#### Task prompt:
Output exactly the lines below, starting with the line that has "14U Wood Rack" and going on through the line that has "picnic cooking, Camping", both included, and no other lines.

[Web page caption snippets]

•••••

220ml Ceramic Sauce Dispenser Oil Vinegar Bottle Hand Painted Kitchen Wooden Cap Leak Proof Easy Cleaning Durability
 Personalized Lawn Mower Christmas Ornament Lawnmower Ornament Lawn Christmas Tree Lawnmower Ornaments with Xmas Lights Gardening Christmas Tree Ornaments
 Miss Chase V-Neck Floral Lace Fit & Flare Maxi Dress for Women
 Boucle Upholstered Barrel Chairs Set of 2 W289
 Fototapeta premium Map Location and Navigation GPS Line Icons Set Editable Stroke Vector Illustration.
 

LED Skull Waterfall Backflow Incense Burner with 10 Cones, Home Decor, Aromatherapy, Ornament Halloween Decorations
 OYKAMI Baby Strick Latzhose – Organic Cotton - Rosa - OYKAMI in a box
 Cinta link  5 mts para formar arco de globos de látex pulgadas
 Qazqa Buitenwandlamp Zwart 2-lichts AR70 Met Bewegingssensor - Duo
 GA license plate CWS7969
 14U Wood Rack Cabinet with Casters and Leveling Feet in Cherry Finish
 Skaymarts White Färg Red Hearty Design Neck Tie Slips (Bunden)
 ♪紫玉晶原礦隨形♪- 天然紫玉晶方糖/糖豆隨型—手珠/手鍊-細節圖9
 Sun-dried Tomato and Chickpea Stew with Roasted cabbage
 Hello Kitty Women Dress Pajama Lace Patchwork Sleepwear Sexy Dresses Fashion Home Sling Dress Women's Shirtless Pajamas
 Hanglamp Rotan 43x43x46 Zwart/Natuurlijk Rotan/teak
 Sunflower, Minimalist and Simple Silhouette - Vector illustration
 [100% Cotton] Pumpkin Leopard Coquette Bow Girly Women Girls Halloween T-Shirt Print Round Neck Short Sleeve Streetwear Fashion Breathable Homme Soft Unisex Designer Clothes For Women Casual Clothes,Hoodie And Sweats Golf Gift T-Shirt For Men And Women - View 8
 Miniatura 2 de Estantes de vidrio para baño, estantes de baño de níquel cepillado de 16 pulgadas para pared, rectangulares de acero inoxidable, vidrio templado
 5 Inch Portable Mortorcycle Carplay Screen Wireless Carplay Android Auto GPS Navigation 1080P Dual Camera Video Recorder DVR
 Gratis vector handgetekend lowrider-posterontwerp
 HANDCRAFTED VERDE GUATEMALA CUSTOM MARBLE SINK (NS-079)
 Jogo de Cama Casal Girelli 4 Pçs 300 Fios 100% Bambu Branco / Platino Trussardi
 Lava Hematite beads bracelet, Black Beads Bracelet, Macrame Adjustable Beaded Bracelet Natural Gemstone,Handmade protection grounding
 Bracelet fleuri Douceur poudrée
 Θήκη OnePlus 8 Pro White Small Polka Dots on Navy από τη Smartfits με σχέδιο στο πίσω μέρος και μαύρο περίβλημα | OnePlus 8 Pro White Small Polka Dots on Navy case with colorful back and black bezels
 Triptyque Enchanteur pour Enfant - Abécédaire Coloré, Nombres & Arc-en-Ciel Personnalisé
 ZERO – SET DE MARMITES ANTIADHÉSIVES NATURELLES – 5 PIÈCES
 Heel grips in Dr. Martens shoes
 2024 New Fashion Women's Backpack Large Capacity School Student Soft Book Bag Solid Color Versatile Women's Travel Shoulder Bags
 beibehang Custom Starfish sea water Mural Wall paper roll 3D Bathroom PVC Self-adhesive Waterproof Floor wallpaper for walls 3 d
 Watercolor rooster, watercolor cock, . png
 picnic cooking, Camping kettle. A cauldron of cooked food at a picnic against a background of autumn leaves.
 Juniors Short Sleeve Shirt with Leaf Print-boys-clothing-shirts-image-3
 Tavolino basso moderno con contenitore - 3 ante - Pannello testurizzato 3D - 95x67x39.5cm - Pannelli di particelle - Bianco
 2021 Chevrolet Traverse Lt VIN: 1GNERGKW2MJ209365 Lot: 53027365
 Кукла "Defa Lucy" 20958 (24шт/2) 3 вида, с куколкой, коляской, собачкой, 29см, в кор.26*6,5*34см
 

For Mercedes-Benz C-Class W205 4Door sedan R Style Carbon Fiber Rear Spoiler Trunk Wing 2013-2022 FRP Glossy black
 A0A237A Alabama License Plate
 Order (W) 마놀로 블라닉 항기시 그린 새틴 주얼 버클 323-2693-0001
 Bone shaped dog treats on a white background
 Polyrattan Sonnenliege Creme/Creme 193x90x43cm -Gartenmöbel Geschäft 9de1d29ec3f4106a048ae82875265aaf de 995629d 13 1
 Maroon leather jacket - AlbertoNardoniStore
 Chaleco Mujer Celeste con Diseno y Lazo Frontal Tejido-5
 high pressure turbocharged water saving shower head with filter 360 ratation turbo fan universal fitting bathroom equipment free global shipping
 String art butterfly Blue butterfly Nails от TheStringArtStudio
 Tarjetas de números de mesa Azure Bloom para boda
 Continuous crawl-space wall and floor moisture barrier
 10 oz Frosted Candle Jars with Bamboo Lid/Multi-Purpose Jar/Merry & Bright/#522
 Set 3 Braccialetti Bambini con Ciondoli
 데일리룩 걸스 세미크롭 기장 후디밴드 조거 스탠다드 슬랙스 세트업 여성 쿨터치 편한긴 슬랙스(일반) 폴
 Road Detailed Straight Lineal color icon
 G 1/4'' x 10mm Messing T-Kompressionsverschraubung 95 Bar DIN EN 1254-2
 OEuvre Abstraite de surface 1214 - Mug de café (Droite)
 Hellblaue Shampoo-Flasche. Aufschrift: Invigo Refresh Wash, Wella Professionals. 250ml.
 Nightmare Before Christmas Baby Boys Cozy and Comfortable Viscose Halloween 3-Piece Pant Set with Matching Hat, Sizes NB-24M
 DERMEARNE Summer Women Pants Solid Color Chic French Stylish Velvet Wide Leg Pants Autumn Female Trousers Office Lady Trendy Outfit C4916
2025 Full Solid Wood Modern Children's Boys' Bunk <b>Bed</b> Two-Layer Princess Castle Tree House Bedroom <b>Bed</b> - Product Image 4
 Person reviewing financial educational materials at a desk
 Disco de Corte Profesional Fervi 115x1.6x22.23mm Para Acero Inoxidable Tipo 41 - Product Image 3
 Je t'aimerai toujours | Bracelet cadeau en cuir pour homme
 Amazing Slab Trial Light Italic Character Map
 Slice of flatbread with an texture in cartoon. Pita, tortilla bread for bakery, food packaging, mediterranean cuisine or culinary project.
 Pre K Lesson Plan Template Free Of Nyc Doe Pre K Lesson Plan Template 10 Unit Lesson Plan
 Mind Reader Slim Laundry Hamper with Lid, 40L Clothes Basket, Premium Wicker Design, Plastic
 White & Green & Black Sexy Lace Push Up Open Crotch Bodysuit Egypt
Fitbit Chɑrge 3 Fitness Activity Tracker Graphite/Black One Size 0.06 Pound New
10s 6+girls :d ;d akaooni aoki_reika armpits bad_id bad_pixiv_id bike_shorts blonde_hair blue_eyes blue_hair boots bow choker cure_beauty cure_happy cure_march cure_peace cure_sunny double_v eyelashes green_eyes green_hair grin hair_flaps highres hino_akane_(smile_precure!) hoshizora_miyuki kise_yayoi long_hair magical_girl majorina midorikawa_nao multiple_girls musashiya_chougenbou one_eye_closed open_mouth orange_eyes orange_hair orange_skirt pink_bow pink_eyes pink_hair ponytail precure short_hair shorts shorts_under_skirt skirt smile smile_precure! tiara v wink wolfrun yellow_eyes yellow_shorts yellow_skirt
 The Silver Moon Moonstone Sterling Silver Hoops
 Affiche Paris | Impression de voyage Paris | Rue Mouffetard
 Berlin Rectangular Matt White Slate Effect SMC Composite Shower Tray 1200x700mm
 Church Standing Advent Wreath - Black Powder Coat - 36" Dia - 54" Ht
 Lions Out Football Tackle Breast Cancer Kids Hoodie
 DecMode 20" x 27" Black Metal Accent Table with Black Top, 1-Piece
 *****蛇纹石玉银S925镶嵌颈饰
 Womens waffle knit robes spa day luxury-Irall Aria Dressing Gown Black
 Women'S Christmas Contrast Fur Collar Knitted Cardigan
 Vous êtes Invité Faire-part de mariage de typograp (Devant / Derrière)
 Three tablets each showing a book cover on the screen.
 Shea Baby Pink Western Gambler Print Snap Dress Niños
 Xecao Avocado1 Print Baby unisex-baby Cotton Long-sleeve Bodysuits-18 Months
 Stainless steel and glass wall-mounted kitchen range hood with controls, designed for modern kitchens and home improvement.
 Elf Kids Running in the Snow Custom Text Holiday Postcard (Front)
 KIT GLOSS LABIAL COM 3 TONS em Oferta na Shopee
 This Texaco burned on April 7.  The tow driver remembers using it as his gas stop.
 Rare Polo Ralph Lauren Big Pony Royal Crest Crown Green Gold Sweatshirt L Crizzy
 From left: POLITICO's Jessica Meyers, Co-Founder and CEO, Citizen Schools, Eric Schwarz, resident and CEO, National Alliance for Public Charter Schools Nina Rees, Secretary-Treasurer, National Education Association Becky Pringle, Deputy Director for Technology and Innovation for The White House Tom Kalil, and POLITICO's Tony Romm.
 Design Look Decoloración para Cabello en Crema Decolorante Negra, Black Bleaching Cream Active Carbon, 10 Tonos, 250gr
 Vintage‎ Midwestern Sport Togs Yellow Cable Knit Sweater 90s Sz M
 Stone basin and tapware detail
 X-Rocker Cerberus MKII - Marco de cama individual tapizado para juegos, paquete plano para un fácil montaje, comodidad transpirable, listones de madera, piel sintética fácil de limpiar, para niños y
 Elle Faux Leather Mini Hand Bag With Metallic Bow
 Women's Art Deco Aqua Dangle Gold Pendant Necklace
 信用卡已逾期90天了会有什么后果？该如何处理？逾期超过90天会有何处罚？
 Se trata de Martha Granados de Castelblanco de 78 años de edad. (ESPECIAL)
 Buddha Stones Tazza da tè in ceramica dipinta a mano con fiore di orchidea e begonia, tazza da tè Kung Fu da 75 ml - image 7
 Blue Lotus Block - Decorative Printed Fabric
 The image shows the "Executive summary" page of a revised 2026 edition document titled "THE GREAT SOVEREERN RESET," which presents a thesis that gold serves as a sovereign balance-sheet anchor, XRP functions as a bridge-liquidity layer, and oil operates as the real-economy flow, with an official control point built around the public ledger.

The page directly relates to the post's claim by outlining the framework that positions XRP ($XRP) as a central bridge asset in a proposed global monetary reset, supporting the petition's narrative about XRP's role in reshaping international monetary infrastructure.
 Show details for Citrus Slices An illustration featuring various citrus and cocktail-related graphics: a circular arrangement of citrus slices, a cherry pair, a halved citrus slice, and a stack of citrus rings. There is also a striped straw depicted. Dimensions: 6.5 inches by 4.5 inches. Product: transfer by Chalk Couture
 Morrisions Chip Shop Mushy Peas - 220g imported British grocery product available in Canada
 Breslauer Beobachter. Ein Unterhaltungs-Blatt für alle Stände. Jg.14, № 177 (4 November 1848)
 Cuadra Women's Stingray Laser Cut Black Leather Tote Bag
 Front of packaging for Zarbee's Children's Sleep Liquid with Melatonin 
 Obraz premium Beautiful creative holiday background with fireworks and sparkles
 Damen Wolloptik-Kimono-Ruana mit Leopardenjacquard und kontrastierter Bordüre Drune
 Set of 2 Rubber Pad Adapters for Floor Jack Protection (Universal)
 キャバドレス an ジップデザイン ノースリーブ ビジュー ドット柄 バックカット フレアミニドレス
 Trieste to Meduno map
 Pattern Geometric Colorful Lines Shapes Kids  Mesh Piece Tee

•••••

#### Answer below:
 14U Wood Rack Cabinet with Casters and Leveling Feet in Cherry Finish
 Skaymarts White Färg Red Hearty Design Neck Tie Slips (Bunden)
 ♪紫玉晶原礦隨形♪- 天然紫玉晶方糖/糖豆隨型—手珠/手鍊-細節圖9
 Sun-dried Tomato and Chickpea Stew with Roasted cabbage
 Hello Kitty Women Dress Pajama Lace Patchwork Sleepwear Sexy Dresses Fashion Home Sling Dress Women's Shirtless Pajamas
 Hanglamp Rotan 43x43x46 Zwart/Natuurlijk Rotan/teak
 Sunflower, Minimalist and Simple Silhouette - Vector illustration
 [100% Cotton] Pumpkin Leopard Coquette Bow Girly Women Girls Halloween T-Shirt Print Round Neck Short Sleeve Streetwear Fashion Breathable Homme Soft Unisex Designer Clothes For Women Casual Clothes,Hoodie And Sweats Golf Gift T-Shirt For Men And Women - View 8
 Miniatura 2 de Estantes de vidrio para baño, estantes de baño de níquel cepillado de 16 pulgadas para pared, rectangulares de acero inoxidable, vidrio templado
 5 Inch Portable Mortorcycle Carplay Screen Wireless Carplay Android Auto GPS Navigation 1080P Dual Camera Video Recorder DVR
 Gratis vector handgetekend lowrider-posterontwerp
 HANDCRAFTED VERDE GUATEMALA CUSTOM MARBLE SINK (NS-079)
 Jogo de Cama Casal Girelli 4 Pçs 300 Fios 100% Bambu Branco / Platino Trussardi
 Lava Hematite beads bracelet, Black Beads Bracelet, Macrame Adjustable Beaded Bracelet Natural Gemstone,Handmade protection grounding
 Bracelet fleuri Douceur poudrée
 Θήκη OnePlus 8 Pro White Small Polka Dots on Navy από τη Smartfits με σχέδιο στο πίσω μέρος και μαύρο περίβλημα | OnePlus 8 Pro White Small Polka Dots on Navy case with colorful back and black bezels
 Triptyque Enchanteur pour Enfant - Abécédaire Coloré, Nombres & Arc-en-Ciel Personnalisé
 ZERO – SET DE MARMITES ANTIADHÉSIVES NATURELLES – 5 PIÈCES
 Heel grips in Dr. Martens shoes
 2024 New Fashion Women's Backpack Large Capacity School Student Soft Book Bag Solid Color Versatile Women's Travel Shoulder Bags
 beibehang Custom Starfish sea water Mural Wall paper roll 3D Bathroom PVC Self-adhesive Waterproof Floor wallpaper for walls 3 d
 Watercolor rooster, watercolor cock, . png
 picnic cooking, Camping kettle. A cauldron of cooked food at a picnic against a background of autumn leaves.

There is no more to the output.